Gambar diambil dari :  http://www.gettyimages.com


Tertahan hujan …

KRL jurusan Bogor yang saya naiki baru saja berhenti di stasiun Depok. Saya berdesak-desakan keluar dengan agak susah, karena dari arah luar para penumpang yang akan menuju Depok menyerbu masuk. Setelah bersusah payah, saya berhasil membawa badan besar saya ke luar gerbong. Peron penuh banget. Tumben. Dan saya baru sadar apa penyebabnya.

Hujan deras banget!!!

Selama di dalam kereta tidak terasa hujannya. Duuuh. Mau duduk di peron, kayaknya dah gak memungkinkan lagi. Tapi peron seberang kayaknya masih longgar. Dengan sedikit nekad saya lari ke seberang. Baru saja mau melangkah memasuki peron, hujan sepertinya berkurang. Tiba-tiba saja. Saya membatalkan ke peron dan langsung menyeberang jalur 1 menuju pintu ke luar. Belum lagi melangkah keluar dari stasiun, tiba-tiba (ya .. dari tadi tiba-tiba melulu) hujan menggila lagi.  Terpaksa saya menunggu bersama penumpang lain yang terjebak di situ.

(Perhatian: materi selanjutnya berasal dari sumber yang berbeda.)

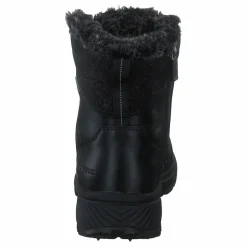 Polecat Urbs Beat GTX Black Svart Discount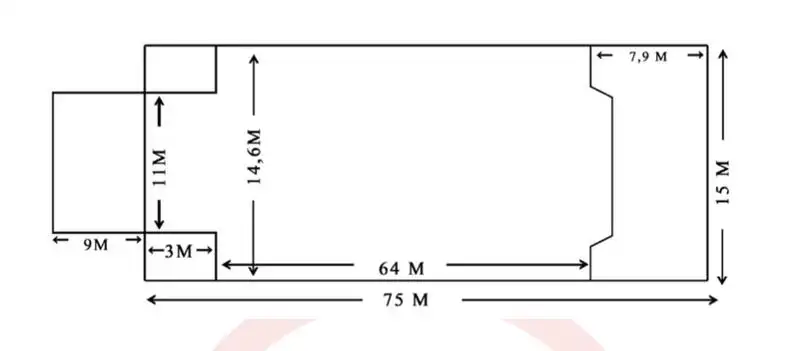 Ọkọ omi Landing, Tank fún tà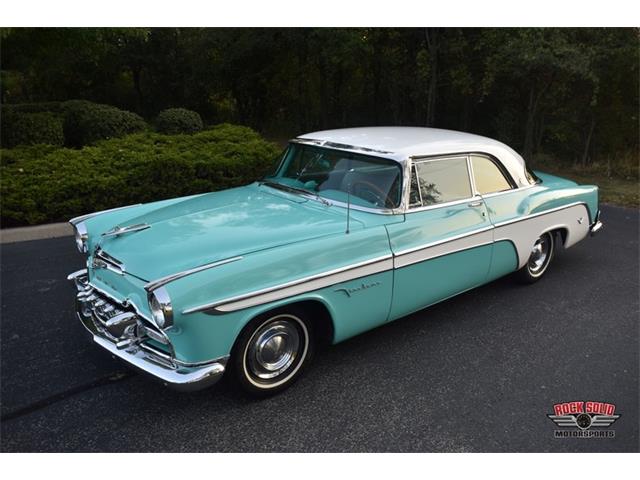 1955 DeSoto Firedome (CC-1883603) for sale in Elkhart, Indiana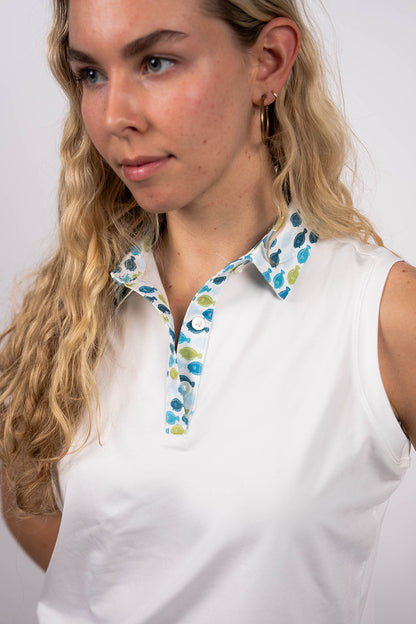 Women's Flukin Polo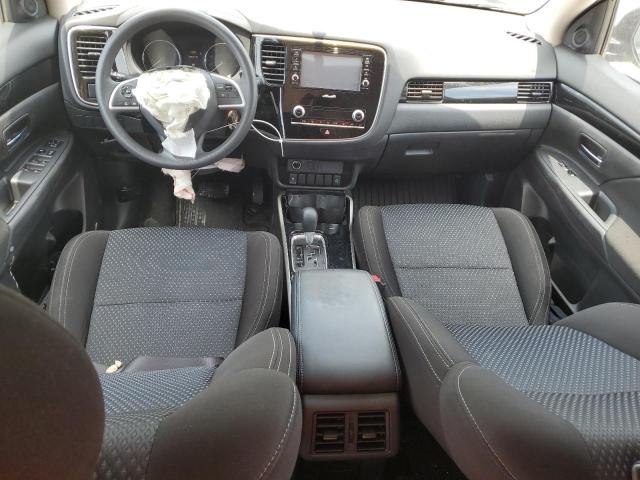 JA4AD2A39LZ014471 Mitsubishi Outlander Es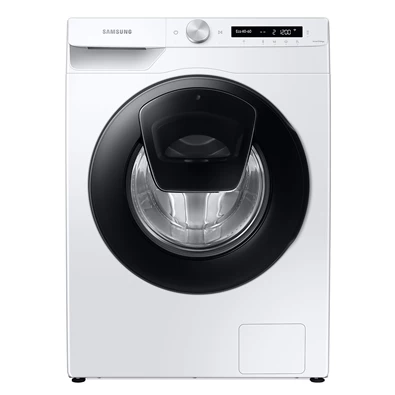 Samsung WW70T552DAW/S6 7 kg elöltöltős mosógép Samsung WW70T552DAW/S6 7 kg elöltöltős mosógép
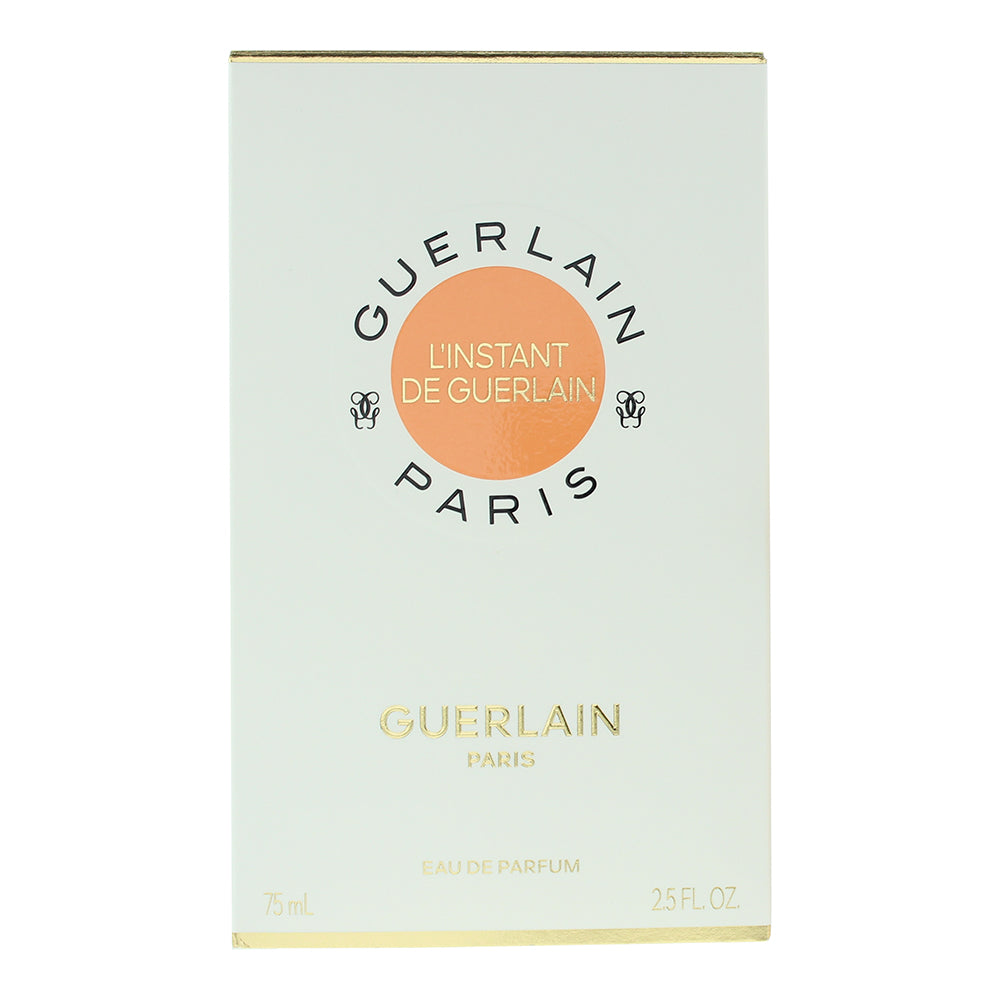 Guerlain L'instant De Guerlain Eau de Parfum 75ml - Box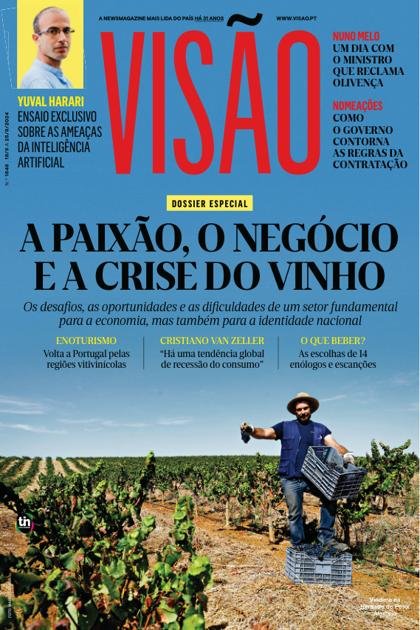 Visão – 19/09/2024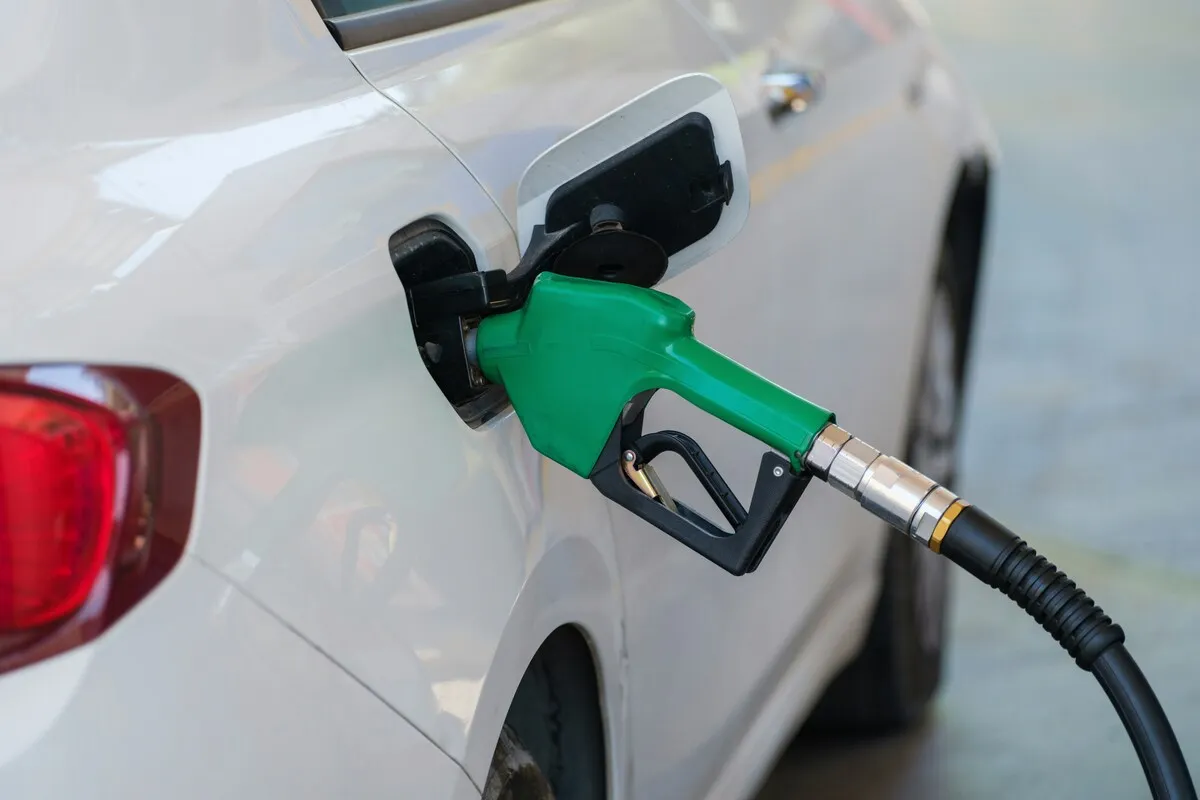 harga migas Tenayan Raya 01-14 februari 2025 untuk Biodiesel B40 dan MFO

Saya tidak takut air. Saya jarang  menunggu hujan berhenti. Biasanya saya langsung menerabas hujan. Toh sampai rumah saya bisa langsung bisa mandi dan ganti baju. Tetapi sekali ini, kelihatannay saya harus merubah kebiasaan itu. Berlembar-lembar contoh soal yang saya bawa pastilah tidak segagah saya dalam menerobos hujan. Kalau dipaksakan, pastilah menjadi bubur kertas sesampainya di rumah.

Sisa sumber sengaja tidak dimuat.